## ACTION ITEM
Take the data that sits below and write it out again exactly.

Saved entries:
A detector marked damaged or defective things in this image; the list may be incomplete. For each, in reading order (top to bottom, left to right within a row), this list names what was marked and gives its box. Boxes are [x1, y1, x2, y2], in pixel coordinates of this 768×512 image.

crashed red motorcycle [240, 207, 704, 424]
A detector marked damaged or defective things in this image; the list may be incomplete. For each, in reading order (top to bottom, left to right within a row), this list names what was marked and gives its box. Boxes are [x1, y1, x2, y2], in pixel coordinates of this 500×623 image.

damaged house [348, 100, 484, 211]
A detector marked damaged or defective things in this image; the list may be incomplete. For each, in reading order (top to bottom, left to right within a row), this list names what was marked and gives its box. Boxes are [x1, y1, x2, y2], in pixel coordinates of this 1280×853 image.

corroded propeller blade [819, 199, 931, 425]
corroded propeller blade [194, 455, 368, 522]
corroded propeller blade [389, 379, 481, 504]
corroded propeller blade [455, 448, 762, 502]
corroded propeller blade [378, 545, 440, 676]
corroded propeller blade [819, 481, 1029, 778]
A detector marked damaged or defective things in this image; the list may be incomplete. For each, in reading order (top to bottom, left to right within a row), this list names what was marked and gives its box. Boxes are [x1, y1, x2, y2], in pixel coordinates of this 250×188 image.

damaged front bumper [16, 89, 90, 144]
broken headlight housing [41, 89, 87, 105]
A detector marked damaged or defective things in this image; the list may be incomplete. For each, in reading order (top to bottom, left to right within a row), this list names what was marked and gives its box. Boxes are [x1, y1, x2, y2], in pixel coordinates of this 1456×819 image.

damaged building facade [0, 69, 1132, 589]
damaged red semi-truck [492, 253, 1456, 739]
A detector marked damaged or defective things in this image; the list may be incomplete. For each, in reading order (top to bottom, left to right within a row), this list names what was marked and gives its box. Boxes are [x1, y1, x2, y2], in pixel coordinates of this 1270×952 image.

## WORKED SOLUTION
A detector marked damaged or defective things in this image; the list may be incomplete. For each, in reading order (top to bottom, left to right within a row), this list names what was marked and gives its box. Boxes are [x1, y1, x2, y2], in pixel coordinates of this 768×512 image.

crashed red motorcycle [240, 207, 704, 424]
A detector marked damaged or defective things in this image; the list may be incomplete. For each, in reading order (top to bottom, left to right within a row), this list names what was marked and gives its box. Boxes are [x1, y1, x2, y2], in pixel coordinates of this 500×623 image.

damaged house [348, 100, 484, 211]
A detector marked damaged or defective things in this image; the list may be incomplete. For each, in reading order (top to bottom, left to right within a row), this list names what was marked and gives its box. Boxes are [x1, y1, x2, y2], in pixel coordinates of this 1280×853 image.

corroded propeller blade [819, 199, 931, 425]
corroded propeller blade [194, 455, 368, 522]
corroded propeller blade [389, 379, 481, 504]
corroded propeller blade [455, 448, 762, 502]
corroded propeller blade [378, 545, 440, 676]
corroded propeller blade [819, 481, 1029, 778]
A detector marked damaged or defective things in this image; the list may be incomplete. For each, in reading order (top to bottom, left to right within a row), this list names what was marked and gives its box. Boxes are [x1, y1, x2, y2], in pixel coordinates of this 250×188 image.

damaged front bumper [16, 89, 90, 144]
broken headlight housing [41, 89, 87, 105]
A detector marked damaged or defective things in this image; the list may be incomplete. For each, in reading order (top to bottom, left to right within a row), this list names what was marked and gives its box. Boxes are [x1, y1, x2, y2], in pixel coordinates of this 1456×819 image.

damaged building facade [0, 69, 1132, 589]
damaged red semi-truck [492, 253, 1456, 739]
A detector marked damaged or defective things in this image; the list may be incomplete. For each, in reading order (top to bottom, left to right within a row), this list names what was marked and gives its box. Boxes are [x1, y1, x2, y2], in pixel coordinates of this 1270×952 image.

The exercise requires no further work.